Raw data:
++++++

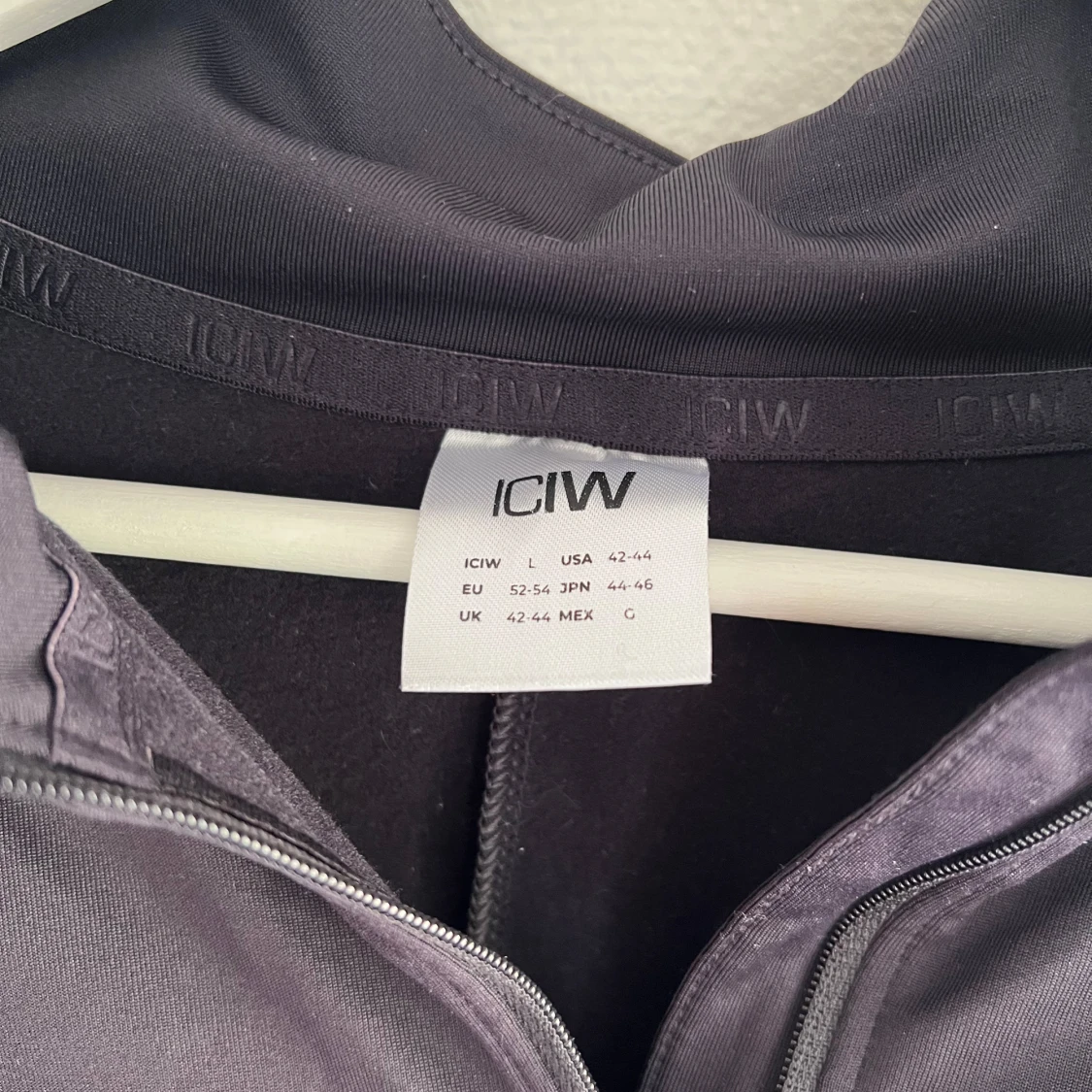 Svart långärmad träningströja med halv dragkedja från ICANIWILL - 2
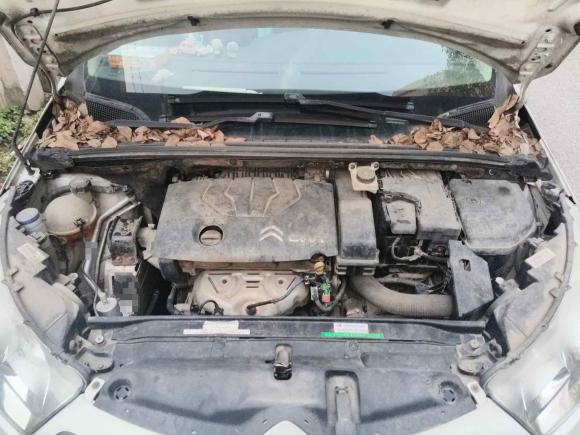 [武汉·鄂A] 二手雪铁龙雪铁龙C4L2013款 1.8L 自动劲享版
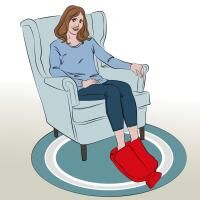 Vorschau: Vital Comfort Fleece Fußwärmer inklusive Wärmflasche zur Anwendung im Sitzen und Liegen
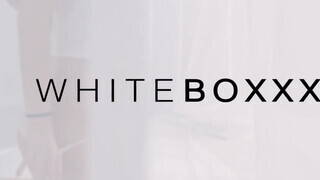 WHITEBOXXX - Liya Silver a kívánatos csöcsös csajszika
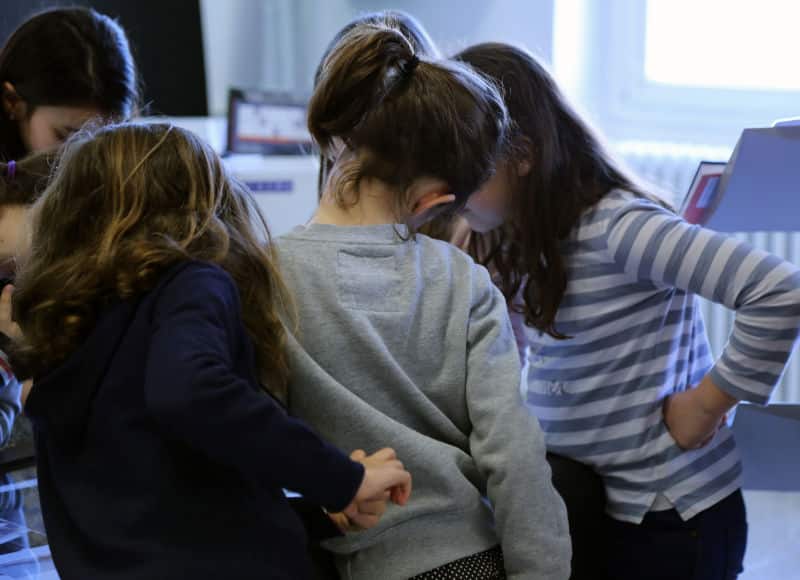 Groupe d'élèves autour d'une table tactile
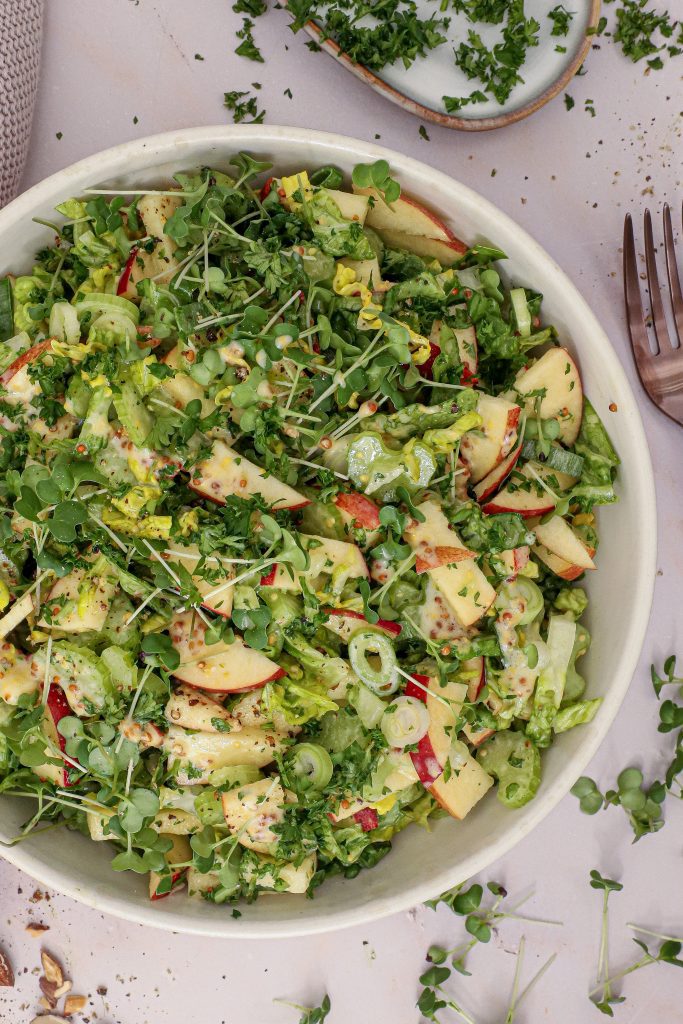 Grøn salat med æbler og bladselleri - Opskrift på salat med æbler og bladselleri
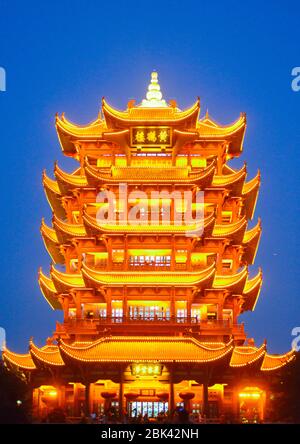 Tour de grue jaune au crépuscule. Wuhan, Chine Banque D'Images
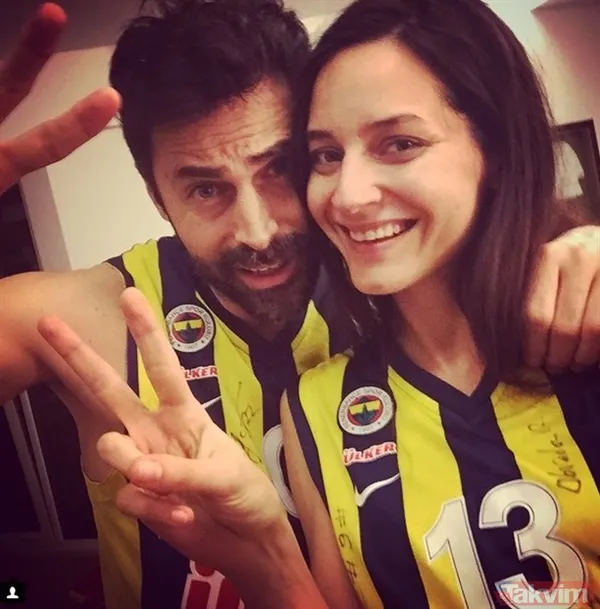 Kerem Bursin bakın hangi takımı tutuyormuş! Serenay Sarıkaya'yla ilişkisi bir döneme damga vuran Kerem Bürsin... - 31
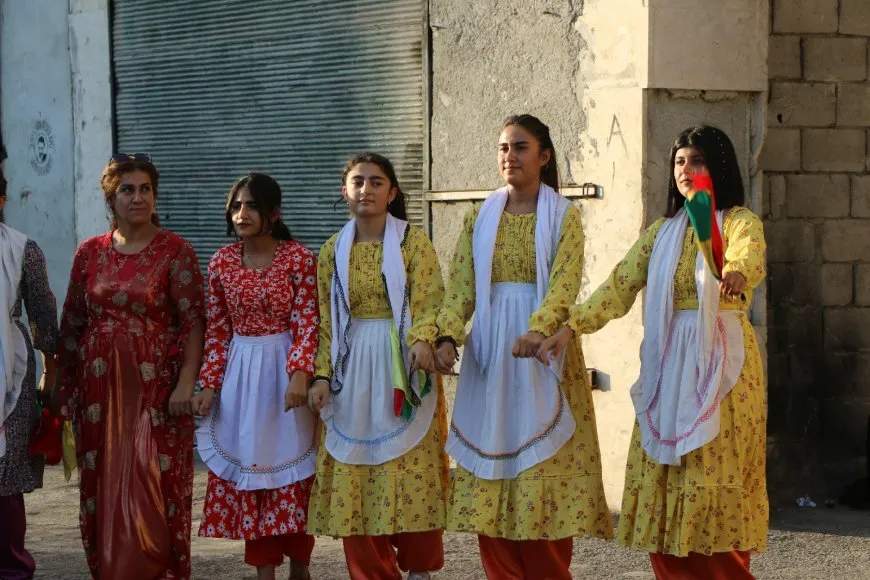 فنانون يستنكرون قمع السلطات التركية للثقافة والفن الكردي في باكور كردستان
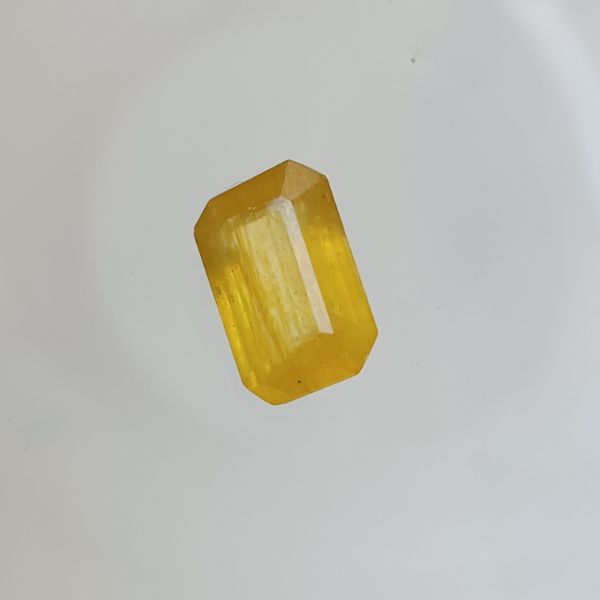 Yellow Sapphire 5.86 carats Bangkok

++++++

Requirement: The lines to write out run from the one containing "Kerem Bursin bakın" through the final line of the material above, both included; write them out exactly, with no pictures.

Answer section:
 Kerem Bursin bakın hangi takımı tutuyormuş! Serenay Sarıkaya'yla ilişkisi bir döneme damga vuran Kerem Bürsin... - 31
 فنانون يستنكرون قمع السلطات التركية للثقافة والفن الكردي في باكور كردستان
 Yellow Sapphire 5.86 carats Bangkok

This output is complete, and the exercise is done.